Thursday, June 29, 2017

Always Room for Improvement


"We make a living by what we get; we make a life by what we give."

Winston Churchill

 


Imagine an ideal world where everyone cooperates and lives in perfect harmony.

I sense a long pause.  This dream seems impossible, doesn’t it?   Our self-centered egos are the problem. We allow our ideals to interfere without giving any thought to others’ ideals.  As self-seeking and goal-achieving individuals, we need to stop for one minute to evaluate what is important in our lives.  We need to take stock of our inventory, the people involved in our lives and businesses.  Winston Churchill’s quote shifts our paradigm to see the reality.  We may be profitable in the business sense but are we profitable in our relationships?
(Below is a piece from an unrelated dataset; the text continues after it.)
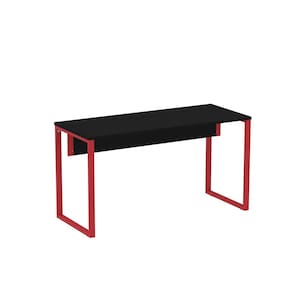 Mesa Madeira 1500x700mm M150/70p25tub Preto/Vermelho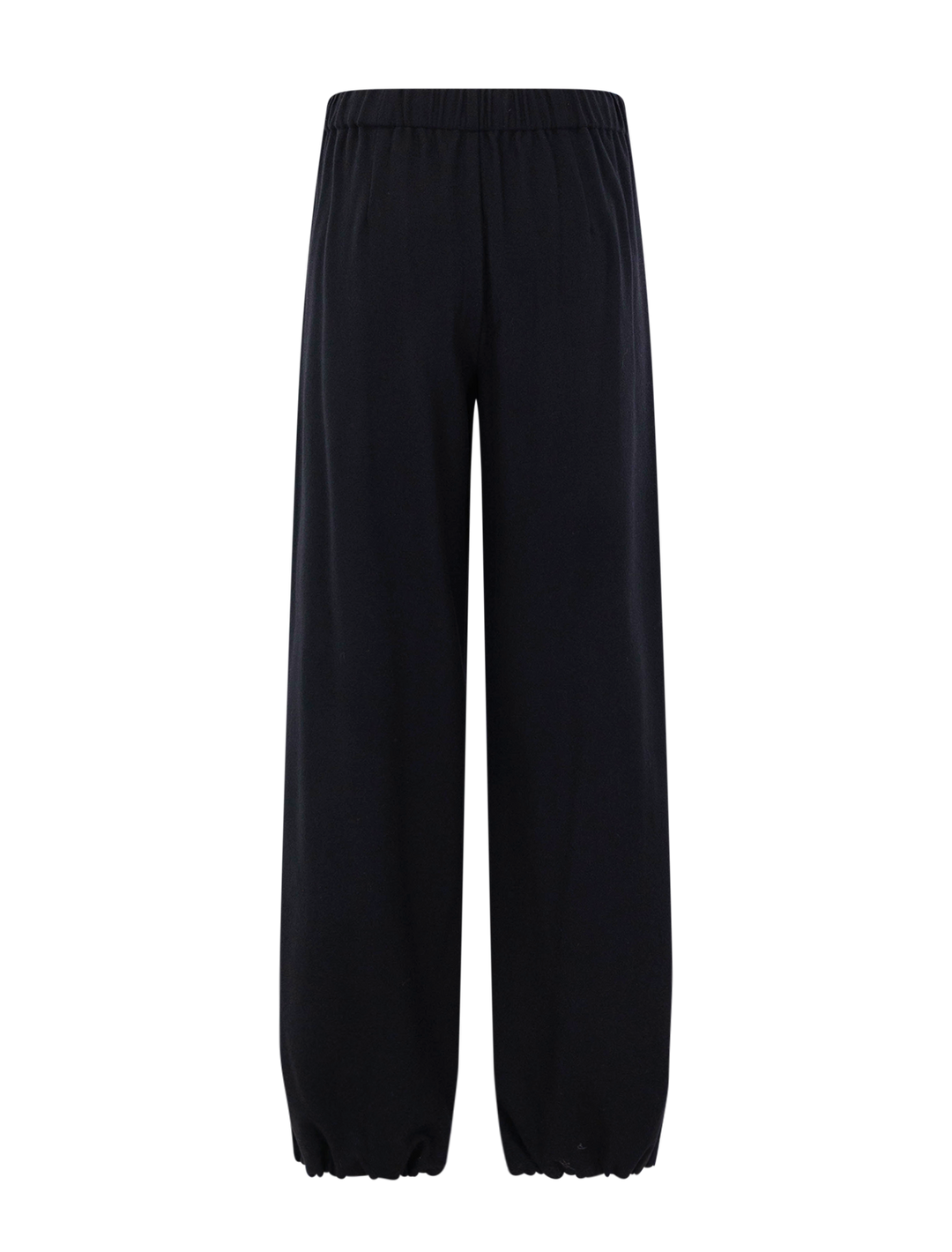 mid rise flannel pant in black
Strong, deep-meaningful relationships are desired by everyone; however, attaining that depth requires mutual work and commitment between us. People are emotional beings seeking love and respect.  Relationships don’t just happen. A quick method for the ideal relationship only magically appears in fiction books.  

For the most part, our willingness to cooperate may occur only when situations are in our favor on our terms.  Our reluctance to compromise can stir up embedded emotions and resentments which are counteractive to building sound relationships.   We are quick to point fingers at the perceived flaws of others.  They are stubborn, easily angered, and manipulative but we fail to look closely at our own flaws.  We assume we are right in our thinking.  What we may think is our greatest strength might very well be seen as our greatest weakness by others.  I could be the most goal-focused determined individual but taken to an extreme, I can be seen as very controlling.

 


That’s why John C. Maxwell’s book, Winning with People, is so helpful.  His teaching based on twenty-five principles helps to examine our motives in five different areas:

q The Readiness Question: Are We Prepared for Relationships?

q The Connection Question:  Are We Willing to Focus on Others?

q The Trust Question:  Can We Build Mutual Trust?

q The Investment Question:  Are We Willing to Invest in Others?

q The Synergy Question:  Can We Create A Win-Win Relationship?

I think you would agree that our desire and attempts to “fix” others never works in our favor. Study after study, quote after quote, says we must first “focus and fix” ourselves.   Whether we are dealing with our own perception of any given situation, our attitude towards another person, or our own action and reaction, looking at our behavior provides us with beneficial insight for growth and change.

Let’s learn how by taking a peek at one of John’s principles, The Hammer Principle. This one got my attention. John writes, “Never Use a Hammer to Swat a Fly Off Someone’s Head.”

John’s willingness to share his inappropriate approach to dealing with conflict early in his marriage helps us learn from him and reflect on our own behavior.  He claimed he always made sure he won every argument with his wife, Margaret, until Margaret finally sat him down, shared her feelings and explained what his approach was doing to their relationship.    

John wrote: 

From that day I decided to change. Realizing that having the right attitude was more important than having the right answers, I softened my approach, listened more, and stopped making a big deal out of little things.  In time, the wall that had begun to form came down, and we began building bridges.  And since that time, I’ve made a conscious effort to initiate connection anytime I’m in conflict with someone I care about.

Our words have the ability to either build people up or to tear them down.  You can see the effects a hammer can have on any relationship.  If you see the other person or the situation as the nail, you will use a hammer to strike a solution.  A hammer approach is harsh and domineering, an inappropriate method to build a relationship.  The choice is ours to evaluate our preferred approach:  one which creates a peaceful harmonious conversation or a hostile one. 

The best part about the book, Winning with People, is that we are not left stranded.  John is quick to share the principles, point out the problems, provide plausible solutions, and offer self-assessment questions.  In this chapter on the Hammer Principle, he delivers six different approaches to trading in your hammer for a velvet glove. His wisdom is a gift we can give to ourselves and our loved ones.

If your family business is having various challenges, you can choose to discuss one principle at your weekly business meetings until all twenty-five principles have been reviewed.  Once you have gone through the book, you can repeat the process. Because new situations keep occurring, reading, sharing and discussing allows the principles to become part of your everyday interaction with others.  The principles help us learn from our mistakes, utilize the ongoing training with everyday challenges, and develop stronger family relationships.    

If you are constantly confronting people and facing strong resistance, Winning with People provides insightful knowledge and skills to create the change in us and in our relationships with others. When we make a conscious effort to improve our relationships with family and friends, then we make a life by what we give as Winston Churchill so wisely proclaimed.